China and Japan had been at odds over the fate of the suspected Pyongyang vessel since the ship went down last December, apparently with the loss of all on board. The ship sank in China's exclusive economic zone in the East China Sea after exchanging fire with the Japanese coast guard. Tokyo suspects the ship had intruded into its waters on a spying or a drug-smuggling mission for North Korea, which denies the charges.

The Mainichi Shimbun newspaper reports Japan believes that China approved the raising of the mystery ship after a meeting Friday between Japanese Prime Minister Junichiro Koizumi and Chinese Premier Zhu Rongji on southern China's Hainan Island.

The Mainichi quotes unidentified Japanese government officials as saying the salvage operation could begin this week. When and how to pull the sunken ship up to confirm its origin has been a sensitive diplomatic issue between Japan and China, North Korea's traditional ally.

China initially was reluctant to allow Japan to act within Beijing's exclusive economic zone. Chinese Foreign Minister Tan Jiaxuan suggested early last month that Japan should not raise the sunken ship on its own.

But the two countries apparently struck a compromise when Chinese National People's Congress chief Li Peng visited Japan earlier this month and said Beijing wanted to "find a solution that satisfies both Japan and China."

The Mainichi newspaper reports Chinese Premier Zhu sent more positive signals during his meeting Friday with Japanese Prime Minister Koizumi, on the sidelines of the Boao business forum for Asian countries on China's Hainan Island.

In talks with Mr. Koizumi, Premier Zhu said he believes China and Japan would "find a solution" over the rogue ship issue. The daily said Japan will begin an undersea probe into damage to the ship's hull as early as next Saturday.

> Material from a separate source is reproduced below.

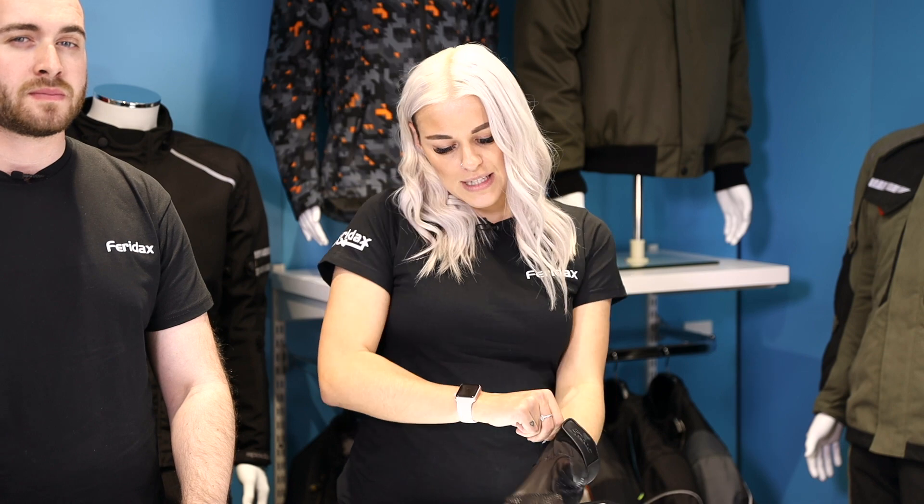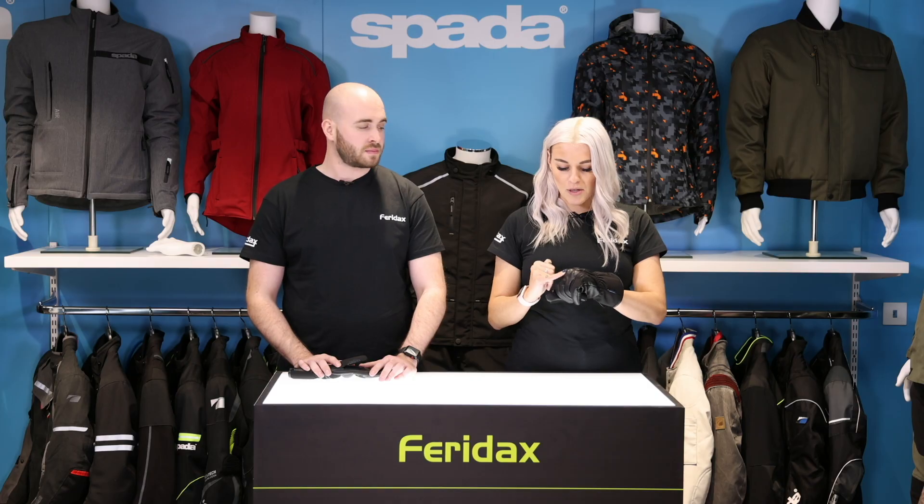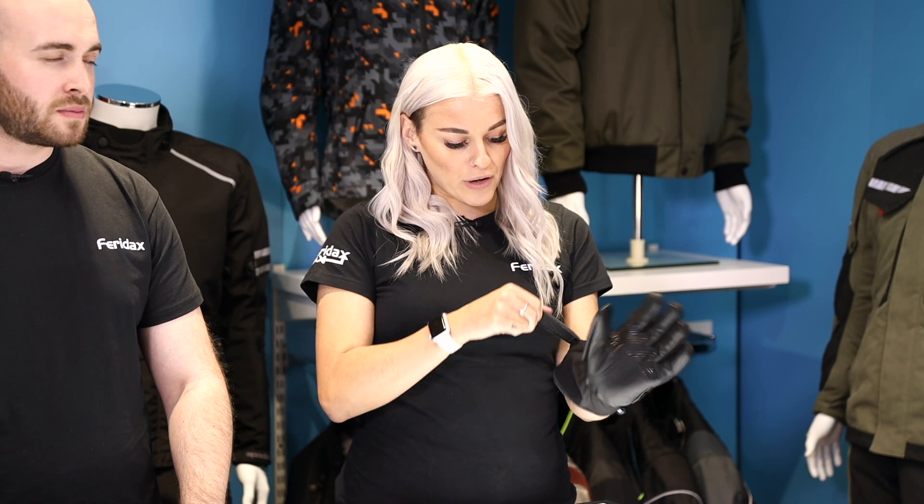There we go, pop the glove on just there. So you've got a hidden TPU impact protection for your knuckles just there. You've got a velcro closure and also a visor wipe.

Prime Minister Koizumi's decision to attend the Boao meeting and lend Japan's credibility to the gathering comes at a time when Tokyo and Beijing are making efforts to minimize their differences over issues dating from their wartime past. A 200-member delegation from Japan's ruling coalition is in Beijing this weekend to mark the 30th anniversary of the normalization of Sino-Japanese ties.